Uniquely intersectional role
Unpaid family caregivers are growing in number, especially during the global pandemic - they are unseen and unrecognized, even by themselves. Because they are usually still working full time and they may also be parents themselves taking care of kids as well as adults (the “hero sandwich” generation).
“Caregiving is a uniquely intersectional role, impacting all aspects of our lives,” observes Alexandra Drane, co-founder of Archangels, a platform that works to provide support for individual caregivers and their employers.
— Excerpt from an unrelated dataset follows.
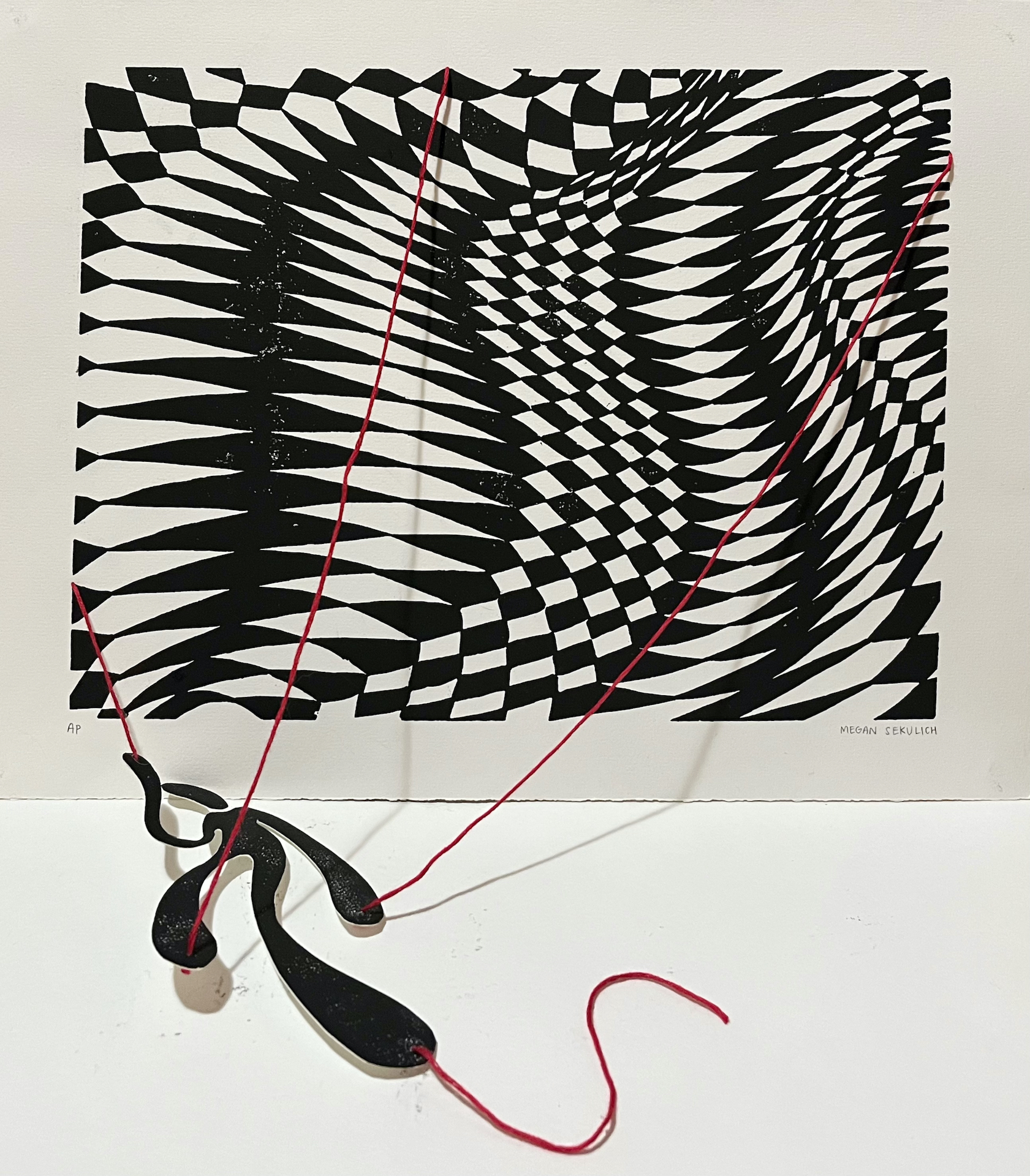 An elongated figure hanging from a distorted geometric pattern with red string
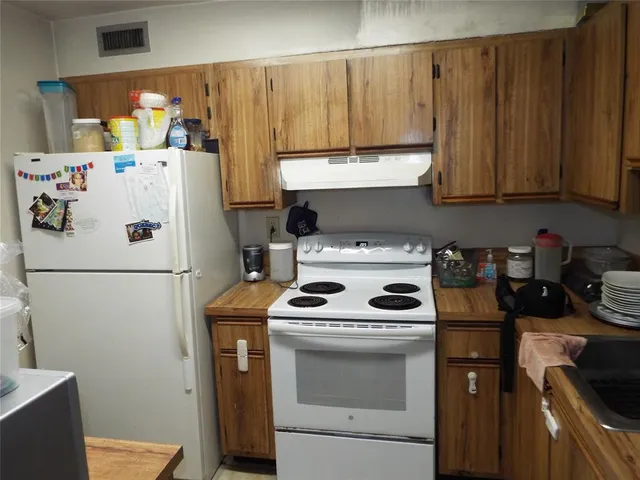 a kitchen with a refrigerator and a stove top oven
So why don’t most caregivers self-identify as such? For me it came on so gradually that I barely noticed it. I started out with picking up prescriptions and then attending medical appointments here and there. But suddenly there was a hospitalization, and I realized that I was going to have to restructure life to accommodate my new reality and to keep my loved ones safe.
For many of us, it happens suddenly with a serious diagnosis that feels like it’s too much to take in all at once. You have no time to process emotions in the moment, you are just trying to keep up with the flurry of appointments, logistics of transportation and paperwork, all the new information coming in, just surviving to the next day.
Sustainable caregiving
Experts are increasingly finding that caregivers are better at their jobs and can remain so more sustainably when they can self-identify as such. Caregiving is a real job and needs to be structured accordingly.
Caregivers who have not set proper boundaries or expectations will almost certainly experience resentment, guilt, overwhelm, and stress, which inevitably lead to negative impacts on their physical health. It’s in everyone’s best interest to find opportunities for others to chip in, negotiating and setting expectations for the family.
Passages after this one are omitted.